Po "Paprocanach" i "Chechle" przyszedł czas na "Sztauwajery", Dolinę Trzech Stawów. To miejsce znane jest każdemu katowiczanowi. Kilka stawów, dużo zieleni, miejsce na odpoczynek, trasa rowerowa, rolkowa, miejsce na grilla, lody i piwo. Idealnie?
A co będą tam robili Paulina, Zośka, Marcin, Julia Czerny i... Luka? Co łączy Julię Czerny i Lukę? Na pewno wydarzenia, które mają miejsce już na początku książki, ale historia ta sięga prawie dwadzieścia lat wstecz. Muszą ratować swoją skórę, ponieważ przeszłość wraca w nieskromne progi Lucjana Złockiego. Przyszedł czas na wyrównanie rachunków. Zamieszani w sprawę są także Ramzes i Ksenon, a wszystko skończy się w jednym miejscu...
Od razu zrzucę bombę i przyznam, że to najlepsza część serii. Nie tylko ze względu na to, że główny bohater wygląda jak amerykański siatkarz Matt Anderson, który nie jedno złamane serce ma na koncie w gronie fanek. Grzech tak wyglądać! Wracając do książki, to właśnie postać Luki jest tu najciekawsza. Intryguje jego historia i postawa wobec osób, na których z pozoru mu nie zależy. Jego przeszłość miała duży wpływ na to, w jakim miejscu obecnie się znajduje. Facet ma łeb na karku i potrafi wszystko skrupulatnie zaplanować, nawet najdrobniejszy szczegół, a planów awaryjnych ma aż do końca alfabetu.

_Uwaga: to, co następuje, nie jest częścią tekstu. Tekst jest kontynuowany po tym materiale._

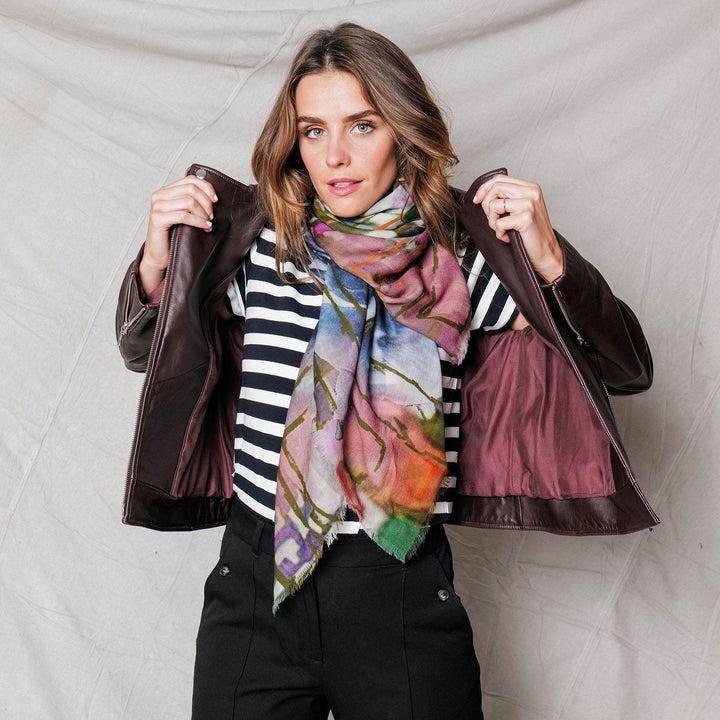 Merino Wool Scarf PIECES | Confetti Living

Nie brakuje ostrego języka, ale i zabawnych tekstów, które nie raz wywoływały parsknięcie pod nosem w trakcie nocnego czytania. Cholera, Świstowa to powinna podręcznik napisać, jak rzucać zabawnymi tekstami, anegdotkami, jak odgryźć się tak, żeby nie dostać za to w twarz. Haha! Jak widać przyciągają całkiem niezłe ciacha, tylko trochę hm, niebezpieczne.

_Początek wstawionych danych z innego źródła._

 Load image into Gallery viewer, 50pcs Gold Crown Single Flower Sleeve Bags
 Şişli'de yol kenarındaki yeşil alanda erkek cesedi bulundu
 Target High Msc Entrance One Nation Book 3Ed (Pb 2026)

Nie będzie nowością, iż napiszę, że "Sztauwajery" to jazda bez trzymanki, która kończy się szybciej, niż litr czystej w upalny wieczór gdzieś w krzakach między jednym a drugim stawem w Dolinie Trzech Stawów. Zaskoczyło mnie, że poczułam pewien "smutek" kończąc tę książkę. Idealna na letnie wieczory, dająca rozrywkę i wytchnienie od mocniejszych gatunków. Coś czuję, że to nie koniec. Dlaczego? Przeczytajcie, dobrnijcie do końca, to znajdziecie odpowiedź. Polecam!